We face various risks related to disruptions of our operations due to natural disasters, pandemics, global conflicts, and similar events beyond our control. Despite precautions and business interruption and disaster recovery procedures we currently have in place, we could face disruption to our operations due to the impact of natural disasters such as earthquakes, hurricanes, fires, floods, epidemics, pandemics and public health crises, and other catastrophic events such as terrorism, war, or global or regional economic, political and social conditions.
For example, the COVID-19 pandemic negatively impacted worldwide economic activity and resulted in travel and work restrictions, commercial disruptions, and affected companies' operations around the world. We were affected by the COVID-19 pandemic, including operational disruptions and changes in working practices. If significant portions of our workforce are unable to work effectively, including because of illness, quarantines, government actions, facility closures resulting from a natural disaster or public health crisis, failures in key networks or communications systems resulting from a natural disaster, or other limitations or restrictions in connection with a natural disaster or public health crisis, our operations will likely be adversely impacted. If our operations are materially restricted, we may be unable to perform fully on our contracts, and our costs may increase significantly. These cost increases may not be fully recoverage coble or adequately covered by insurance.
Inaccurate, misleading, or negative media coverage could adversely affect our reputation and our ability to bid for government contracts.
Because of the public nature of many of our business lines, the media frequently focuses their attention on our contracts with government agencies. If the media coverage is negative, it could influence government officials to slow the pace of outsourcing government services, which could reduce the number of RFPs. The media also focus their attention on the activities of political consultants engaged by us, and we may be tainted by adverse media coverage about their activities, even when those activities are unrelated to our business. Moreover, inaccurate, misleading, or negative media coverage about us could harm our reputation and, accordingly, our ability to bid for and win government contracts.
Our Articles of Incorporation and bylaws include provisions that may have anti-takeover effects.

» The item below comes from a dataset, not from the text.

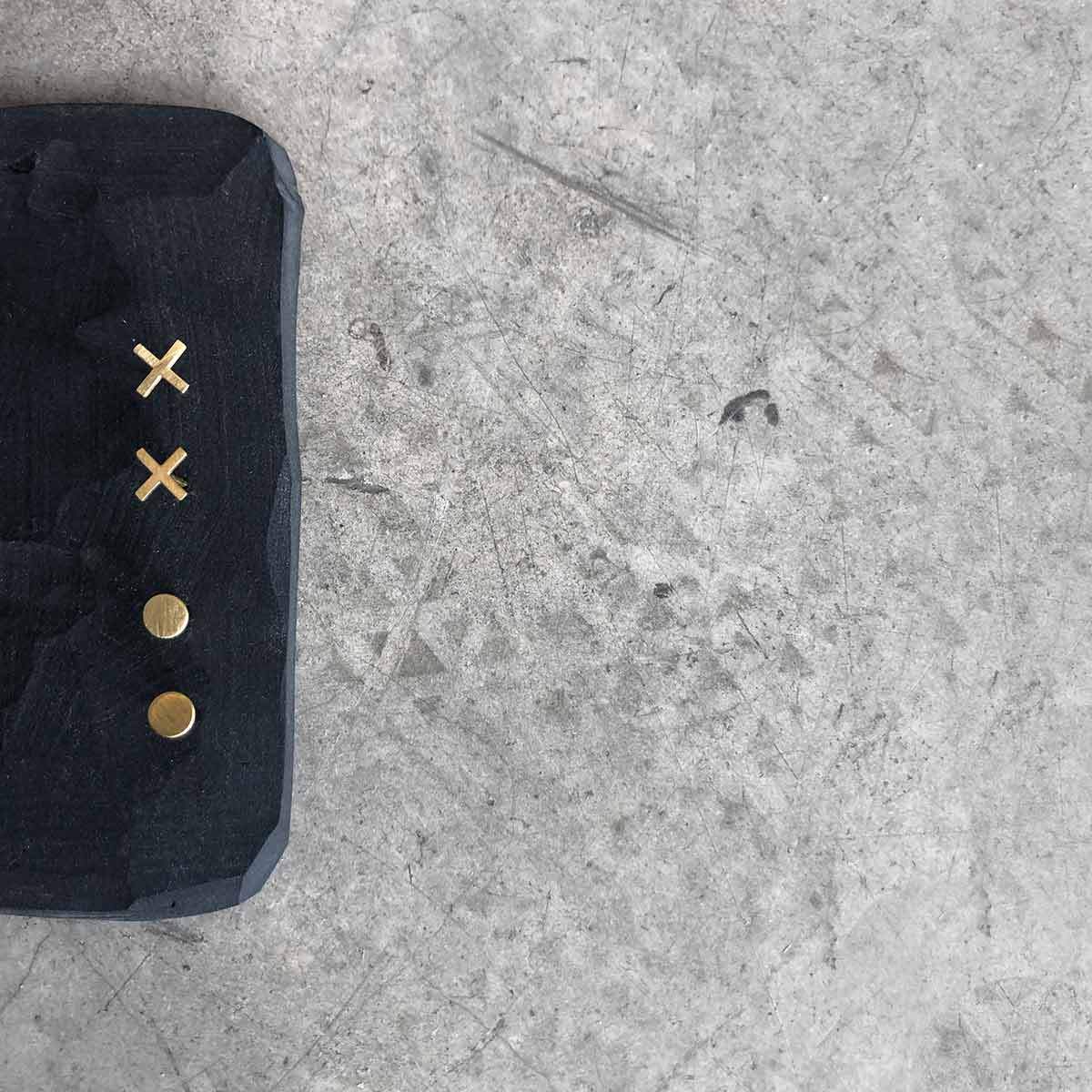 Gold plated X studs / unisex / עגילי איקס בציפוי זהב - studio oh design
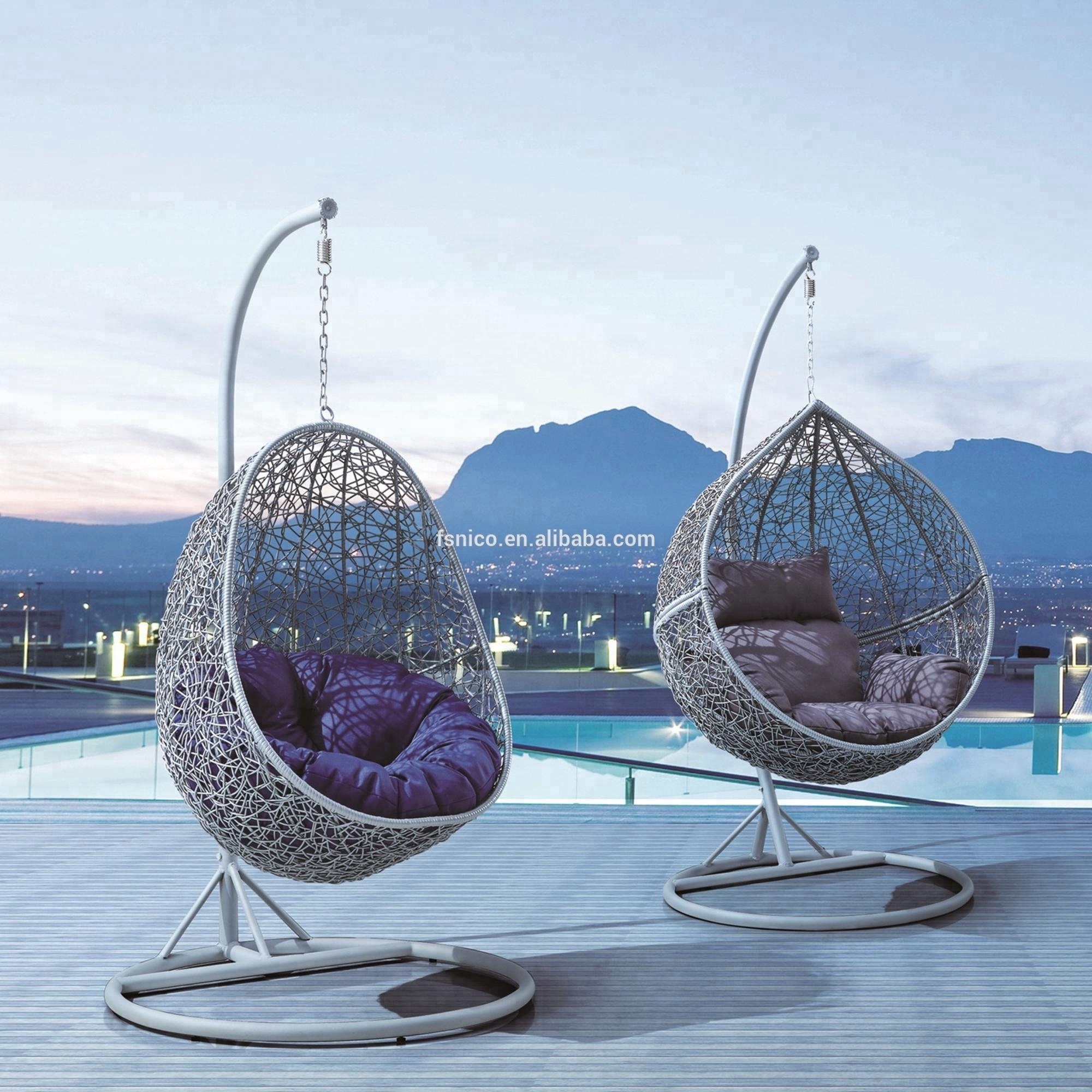 Custom Outdoor Water Drop Shaped Wicker Rattan Swing Hanging Egg Chair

Our Articles of Incorporation and bylaws include provisions that may delay, deter, or prevent a takeover attempt that shareholders might consider desirable. For example, our Articles of Incorporation provide that our shareholders may not take any action in writing without a meeting. This prohibition could impede or discourage an attempt to obtain control of us by requiring that any corporate actions initiated by shareholders be adopted only at properly called shareholder meetings.